Australia, hosting a cricket world cup for the first time in 23 years, was not exactly very well prepared for the tournament. They had just been drubbed by Pakistan in UAE. Michael Clarke, their captain, was in poor form and had a long running dispute with the cricket board. Their batting order looked fragile. And then, the whole Aussie cricket establishment was shocked by the accidental demise of Phil Hughes on the cricket pitch. But the series against India allowed them to crease over these weaknesses and approach the world cup in full strength. Clarke made a fighting century with a hamstring injury to save his career for the time being. Smith made more runs in the series than Rohit Sharma did in his entire career and settled the question of future captaincy once and for all. Almost all the Australian batsmen came back to runs. Mitchell Johnson regained his mojo. Josh Hazlewood made an impressive debut. And Mitchell Starc showed his abilities in the ODI series. Australia went into the World Cup well prepared and went on to win it, thrashing India along the way, again in the semis.
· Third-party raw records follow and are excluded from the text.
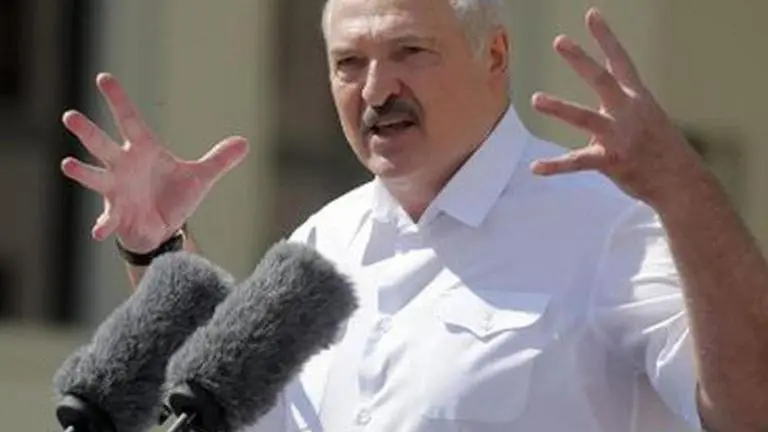 Belarus' Lukashenko orders army to defend borders ahead of mass protests Belarus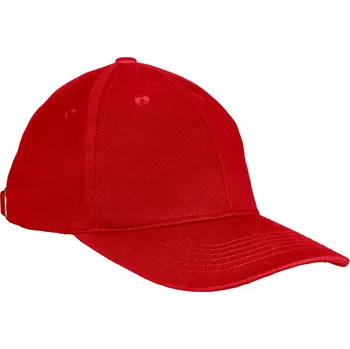 Čepice Baseballová čepice červená Rowan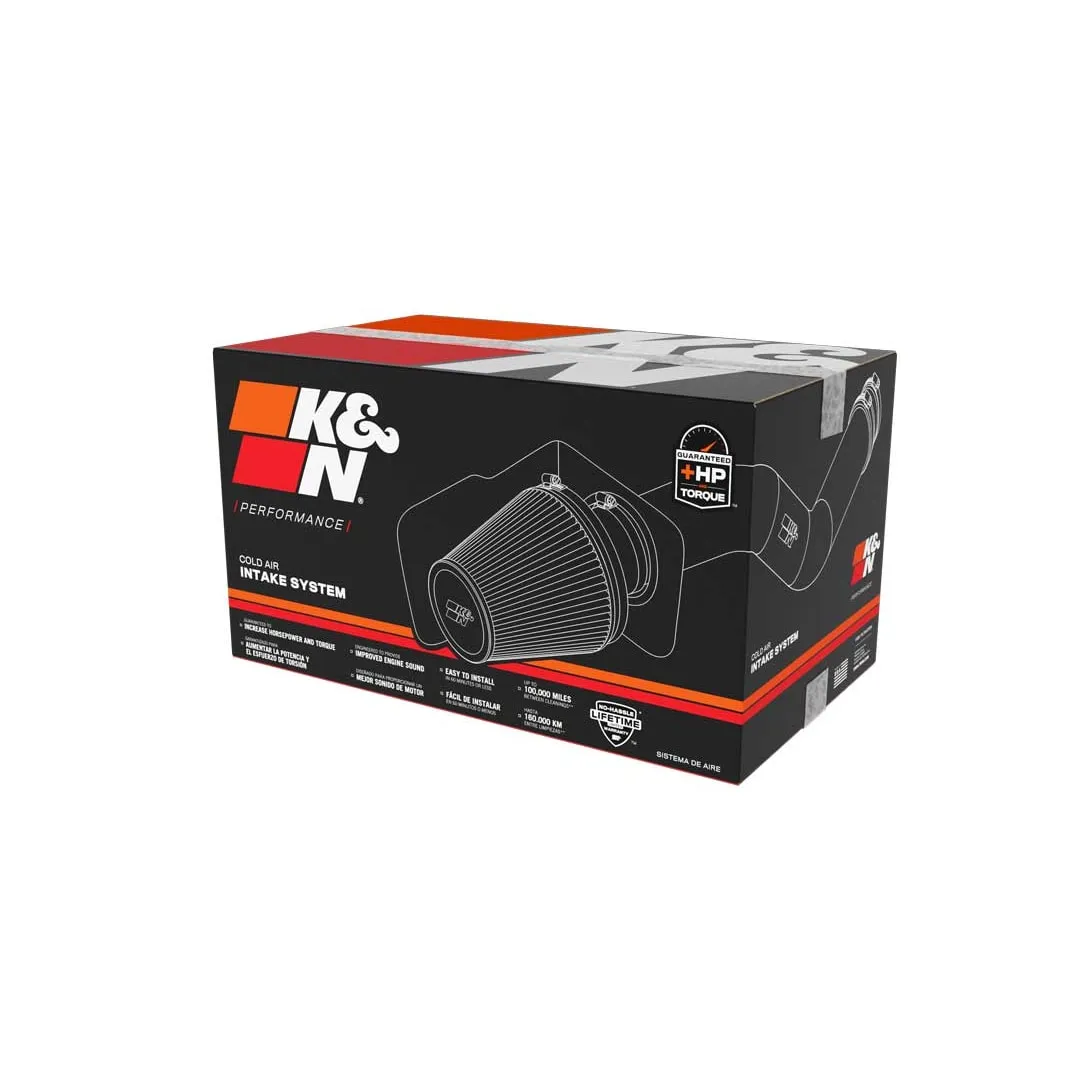 K&N Cold Air Intake Ford Bronco Sport 2.0L (2021-2024) [Air Charger Kit] 63-2618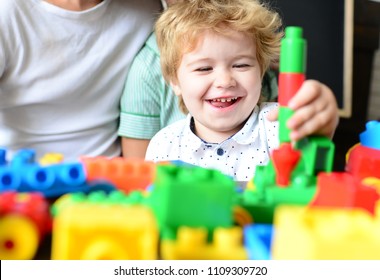 Boy Spends Fun Time Playroom Child Stock Photo 1109309720 | Shutterstock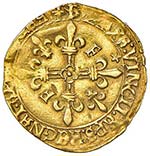 FRANCESCO I (1515 - 1547) SCUDO DORO DEL ... 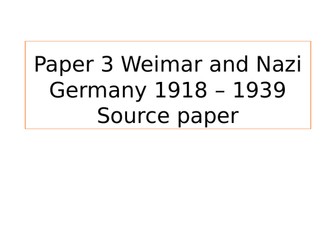 Edexcel Paper 3 sentence starters - crib sheets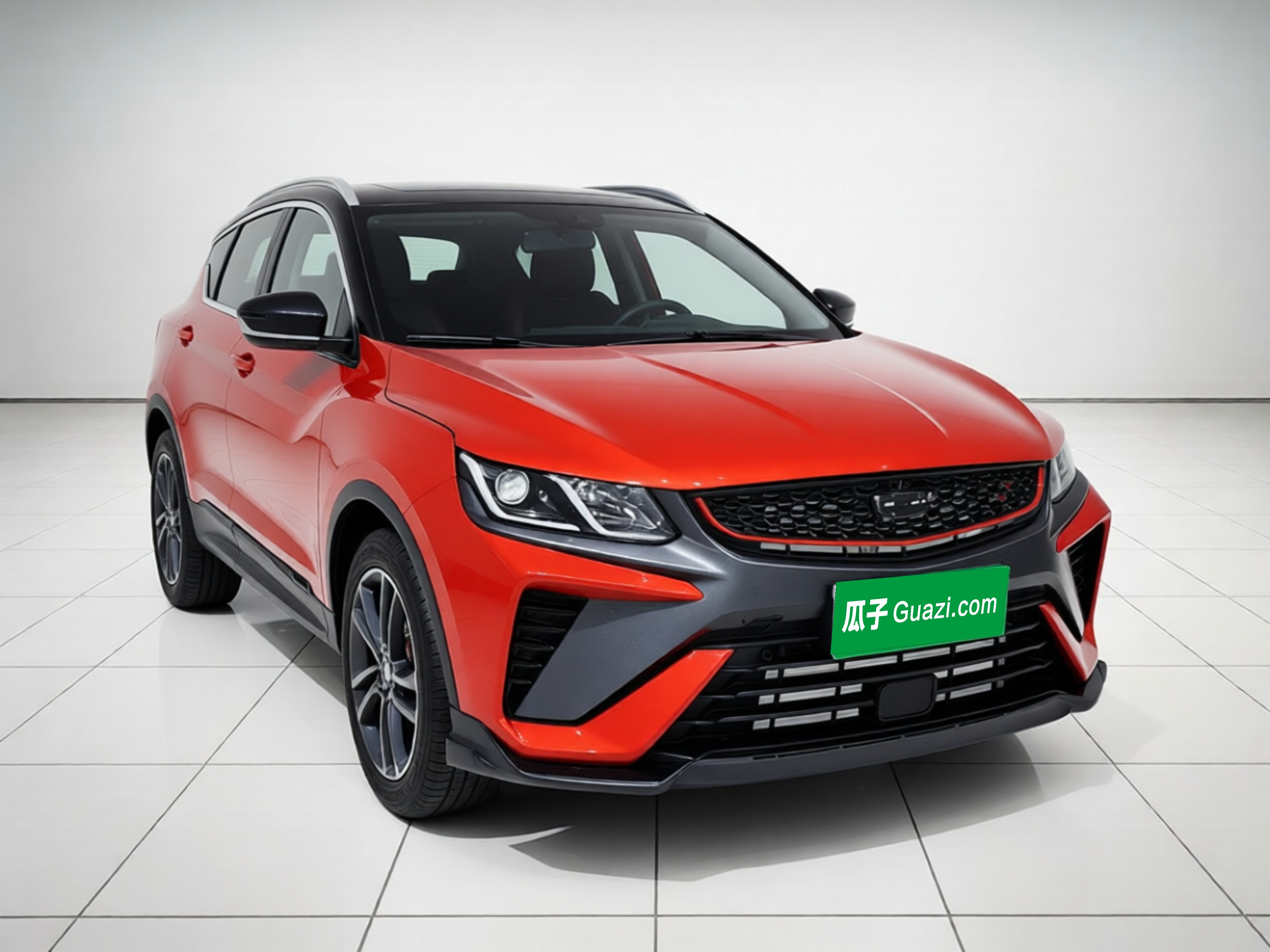 Geely Auto Coolray 2021 1.4T DCT Diamond Edition — снимка 3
  • Tour of Bangladesh, mid 2015:

Bangladesh had shown some promise in the World Cup and had defeated Pakistan in a home ODI series. But no one was sure if this was the long overdue coming of an age of a perennially under-performing team or just a flash in the pan. The series with India settled that. After the Test match was washed out, a full strength Indian team went on to lose the ODI series 2-1. And the name of Mustafizur Rahman was added to the long list of international players who can thank their stars for getting the chance to debut against India.

  • Tour of Sri Lanka, mid 2015:

The story that has been told over so many series is again being repeated here. Sri Lanka is no longer the cricketing force it used to be. Jayawardane has already left cricket. Sangakkara is going to leave after this series. Rangana Herath also appears to be in the last stage of his career. No one from the new generation of Sri Lankan cricket, apart from Angelo Mathews, has really impressed a lot of people. They just lost a home series against Pakistan who were in turn embarrassed by Bangladesh not long back. What better way to tide over the crisis than by staging a series against India.

And the Indians have also obliged as always. After having Sri Lanka down in the dumps at the end of the second day, they have allowed them to walk away with the first test match. It is the same thing that happened in Johannesburg, in Wellington, in Melbourne and in Brisbane. This Indian team has done so much to turn around struggling teams that Mitt Romney would be proud of them. They have given their opponents the longest of long ropes, in acts that have looked straight out of the Indian rope trick.

Thankfully for Indian fans though, this disastrous global tour of the Indian cricket team is coming to an end and hopefully, they will start winning some matches in India for a change.